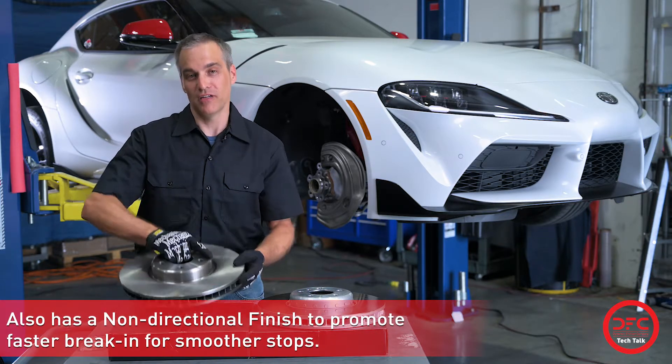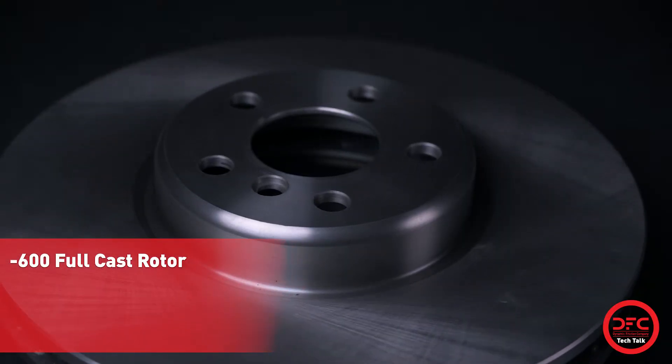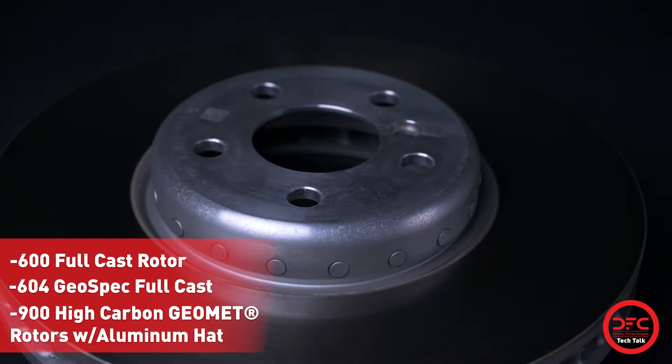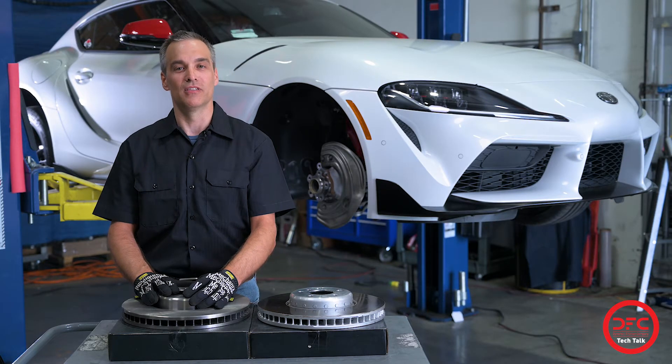We will have a full product offering including the 600 full cast rotor, a 604 geo spec full cast rotor, and the 900 high carbon geomet rotor including an aluminum hat. I want to thank you today and hope to see you on our next DFC product release.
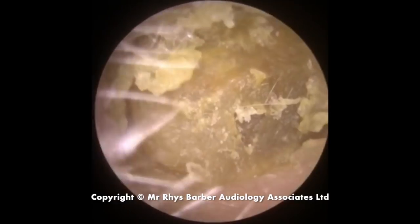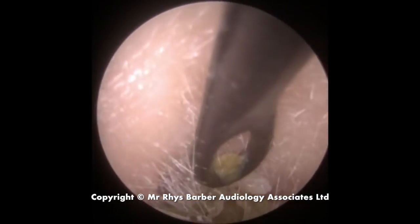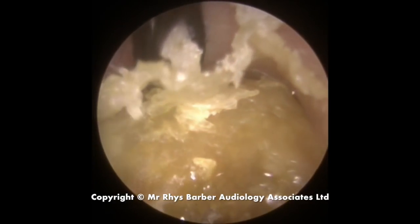This is the second ear — the patient has this problem on both sides. Same again, use a little bit of olive oil just to lubricate the canal. You can see a flap of dry skin that the Jobson horn is just tucking into there.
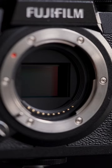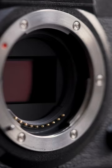The X-H1 has a 24 megapixel APS-C sensor with the X-Trans CMOS 3 processor that handles noise just as well as a full frame sensor, in my opinion.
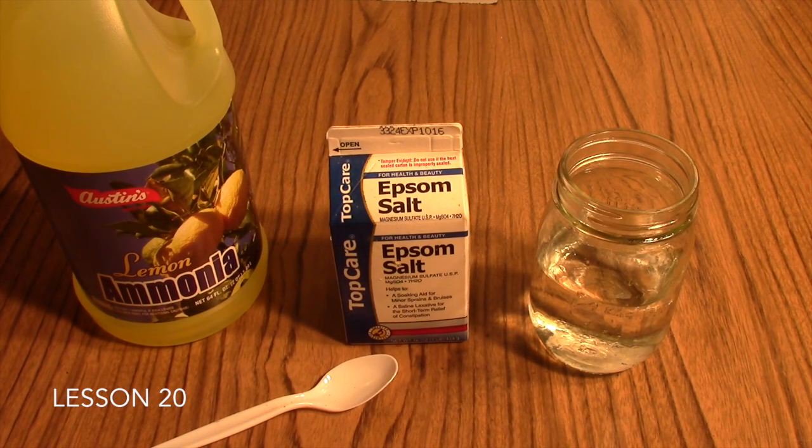This is the Formation of a Precipitate lab, which goes with Lesson 20 in your Friendly Chemistry course. The purpose of this lab is to allow your students to witness that a chemical reaction has taken place due to the presence of a precipitate.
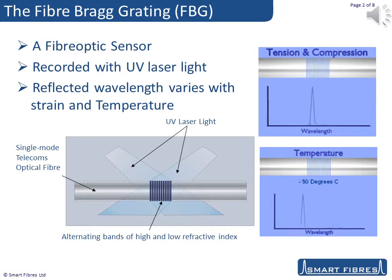When you send light down the optical fibre, a narrow waveband of light is reflected back, whilst all other wavelengths are transmitted. The wavelength of this reflected light varies with the period of the grating, which itself varies with both strain and temperature. It sounds complicated, but it's really quite simple, and there are resources on our website to help you understand the sensor operation better, including a longer version of this video.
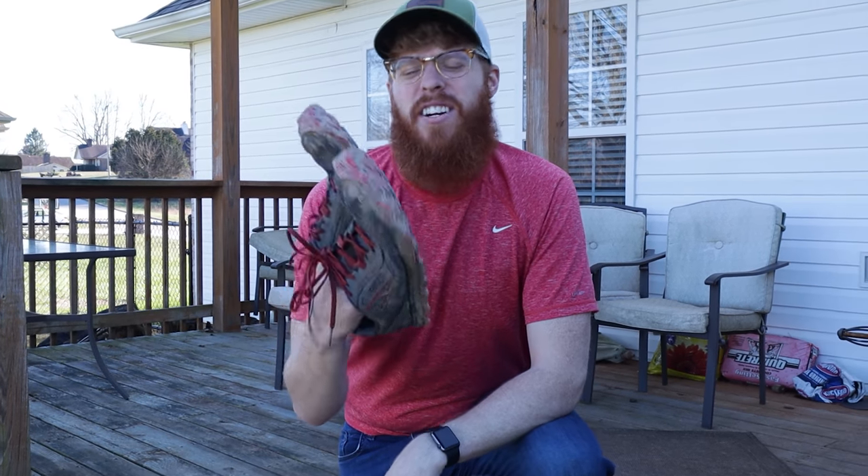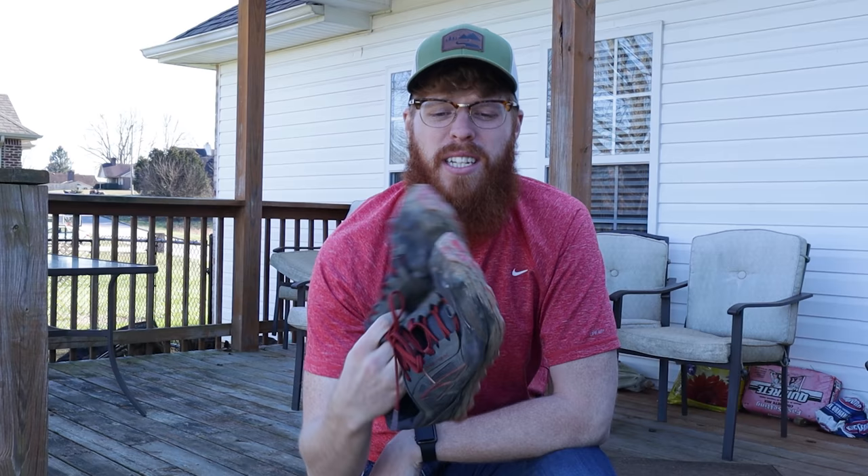Now that we've got the excess dirt knocked off these, we're gonna go back inside — I'm freezing my hiney off out here because it's still cold. We're gonna grab my backpack, my Osprey Atmos 65 liter, give it a good wash and see how clean we can get it. I've been using this thing for pretty much two years non-stop, never been cleaned. It's got some wear and tear on it, and we'll also see how clean we can get these nasty old trail runners.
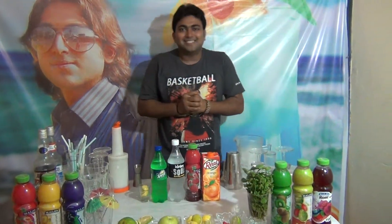Hi friends, my name is Dityan Noachar. Welcome to Mocktail Plaza. Today I am going to tell you about the Refreshed Mocktail Pink Squirrel.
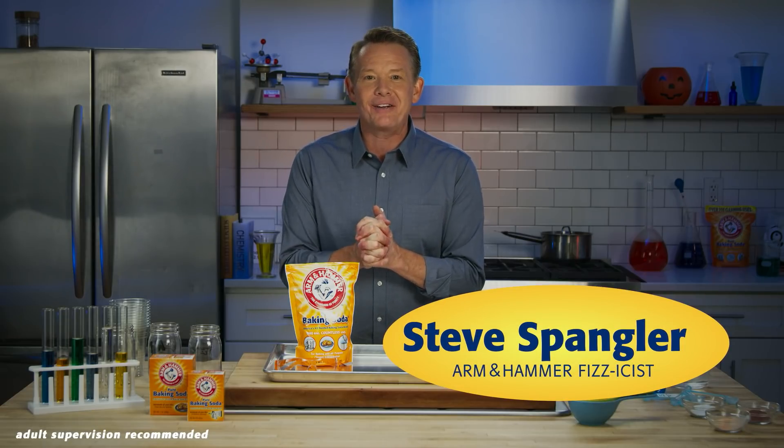Hello, ghouls and goblins. I'm Steve Spangler, and today we're going to do a special Halloween experiment using Arm & Hammer baking soda.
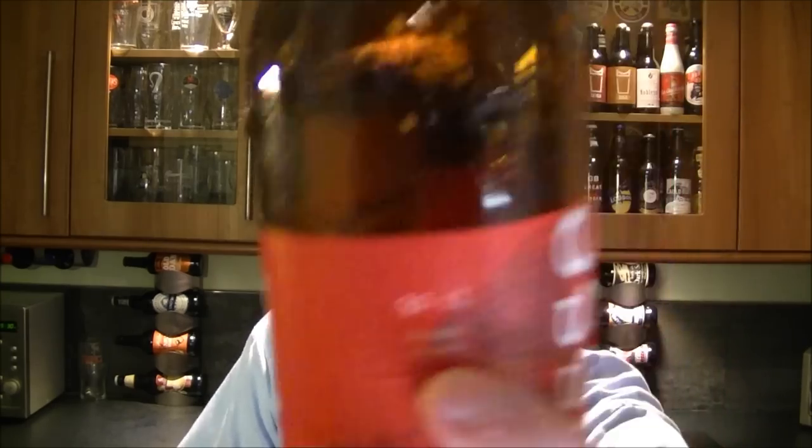It's 5.3% ABV. I'm kind of getting the hang of this now — I'm thinking just aim it at the camera lens and we should be fine. Just make sure you're kind of in the middle of the picture.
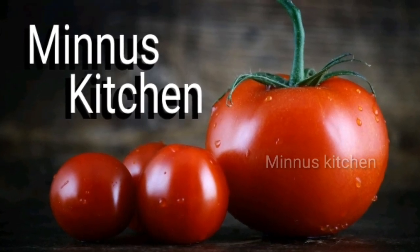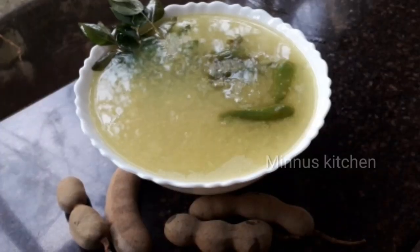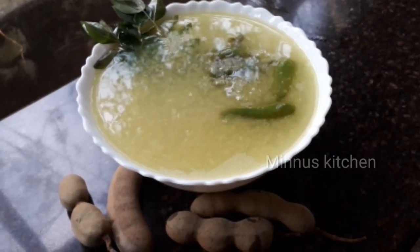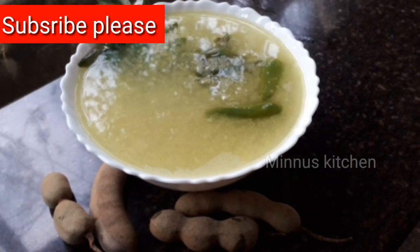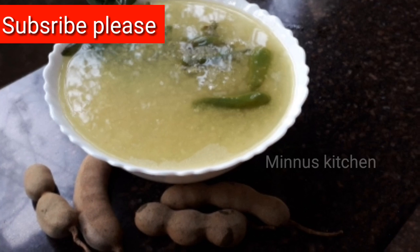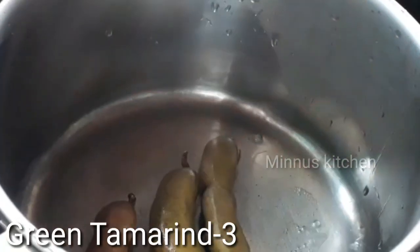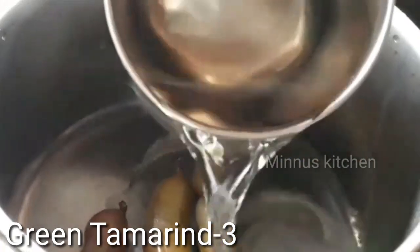Hello friends, welcome back to Minus Kitchen. I'm having a lovely strawberry flower — if you like this, please subscribe to my channel. Let's pour a strawberry flower. I have 3 flowers and we'll try to make the flower.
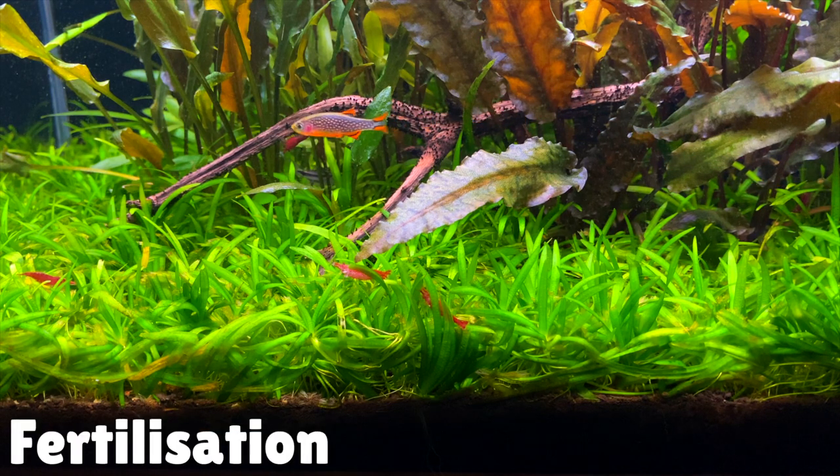For fertilisers I like to use Tropica's Specialised Nutrition. This fertiliser contains Nitrogen and Phosphorus, which is really good for fast-growing demanding plants like this. It also contains Iron and Manganese, which is really good for bringing out the greens in the plant. In my 45-litre planted tank I'm dosing 5 ml of this once a week and it seems to be doing the job well — I haven't seen any nutrient deficiencies. You might need to play around with dosing levels for your own aquarium to prevent any excess nutrients causing algae issues.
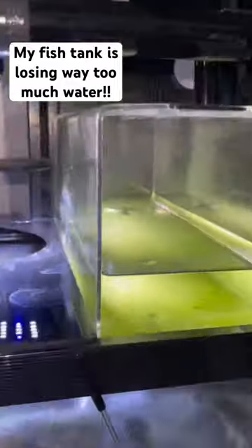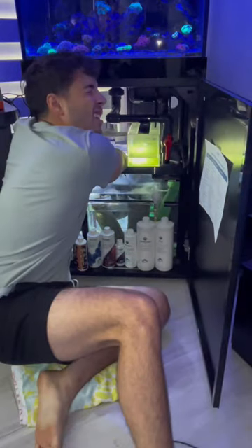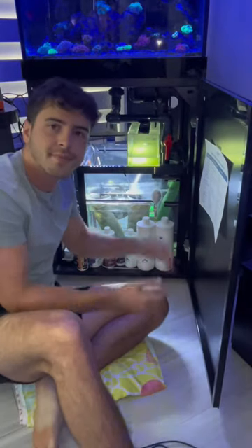My tank has been losing way too much water. I'm checking the entire sump to make sure everything's fine, and checking all the pipes to make sure I have no leaks. I even did some research online but found absolutely nothing. I knew if a tank didn't have a lid it could lose a lot of water, but mine did have a lid.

____

# Task directions
What you write must match, line for line, the lines from the one with "Hello friends, welcome" through the last line of the data above, minus the pictures.

# Output
Hello friends, welcome back to Minus Kitchen. I'm having a lovely strawberry flower — if you like this, please subscribe to my channel. Let's pour a strawberry flower. I have 3 flowers and we'll try to make the flower.
For fertilisers I like to use Tropica's Specialised Nutrition. This fertiliser contains Nitrogen and Phosphorus, which is really good for fast-growing demanding plants like this. It also contains Iron and Manganese, which is really good for bringing out the greens in the plant. In my 45-litre planted tank I'm dosing 5 ml of this once a week and it seems to be doing the job well — I haven't seen any nutrient deficiencies. You might need to play around with dosing levels for your own aquarium to prevent any excess nutrients causing algae issues.
My tank has been losing way too much water. I'm checking the entire sump to make sure everything's fine, and checking all the pipes to make sure I have no leaks. I even did some research online but found absolutely nothing. I knew if a tank didn't have a lid it could lose a lot of water, but mine did have a lid.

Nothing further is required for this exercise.